Genève

Réforme fiscale: à Genève, les socialistes et la droite accouchent d’un accord

La Commission fiscale du Grand Conseil est parvenue à un accord sur l’imposition des entreprises. Les socialistes ont obtenu une hausse du taux ainsi que des compensations sociales

Le socialiste Romain de Sainte Marie a le ton des grands jours: «Vous avez vu, on l’a fait, cet accord!» Il faut admettre que le député n’aura pas ménagé sa peine pour trouver une issue au volet cantonal de la réforme de l’imposition des entreprises (RFFA). C’est donc chose faite en Commission fiscale du Grand Conseil, premier pas avant le vote du parlement fin janvier, qui sera suivi d’un référendum le 19 mai prochain. L’abstention des Verts et le non d’Ensemble à gauche n’ont pas suffi à torpiller un projet où les socialistes et la droite ont fini par se mettre d’accord.

Le projet négocié diminue les pertes fiscales de 350 millions de francs à 186 millions pour le canton, et de 85 millions à 46 millions pour les communes. Comment? Les socialistes ont obtenu le rehaussement du taux unique d’imposition à 13,99%, alors que le Conseil d’Etat le voulait à 13,79%.

L’imputation de l’impôt sur le bénéfice à l’impôt sur le capital, qui permet de défiscaliser ce dernier, sera déplafonnée palier par palier. Cerise sur le gâteau socialiste: les 186 millions de pertes seront compensés par une hausse équivalente des subsides d’assurance maladie. Une aide de 18 millions de francs sera aussi octroyée à la petite enfance. L’assemblée générale du PS se prononcera sur ce projet en janvier.
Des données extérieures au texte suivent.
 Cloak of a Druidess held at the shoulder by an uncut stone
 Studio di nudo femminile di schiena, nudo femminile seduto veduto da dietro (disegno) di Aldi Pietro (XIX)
Les concessions de la droite

Pour la droite, le pragmatisme a prévalu: mieux valait un accord avec des concessions qu’une défaite inéluctable. «Nous avons compris que nous étions allés trop loin avec RIE III, explique Yvan Zweifel, député PLR. Et le taux retenu reste compétitif par rapport à Vaud. Le message des urnes aux dernières élections était que les partis gouvernementaux s’entendent, dont acte.» Selon nos informations, le débat n’a pas été simple au sein de la droite, qui a aussi dû concéder la levée partielle du frein au déficit. Mais les milieux économiques ont compris que la réforme serait à ce prix.

Ce serait aussi un contre-projet bienvenu à l’initiative qui réclame des primes d’assurance maladie plafonnées à 10% du revenu du ménage. Restent les Verts, opposés au projet fédéral. Leur abstention sur le volet cantonal s’explique peut-être par le fait que celui-ci fasse la part belle aux ministres socialistes Thierry Apothéloz et Anne Emery-Torracinta. Leur défection, si elle doit se poursuivre, laisse tout de même une chance au projet d’être adopté par le parlement.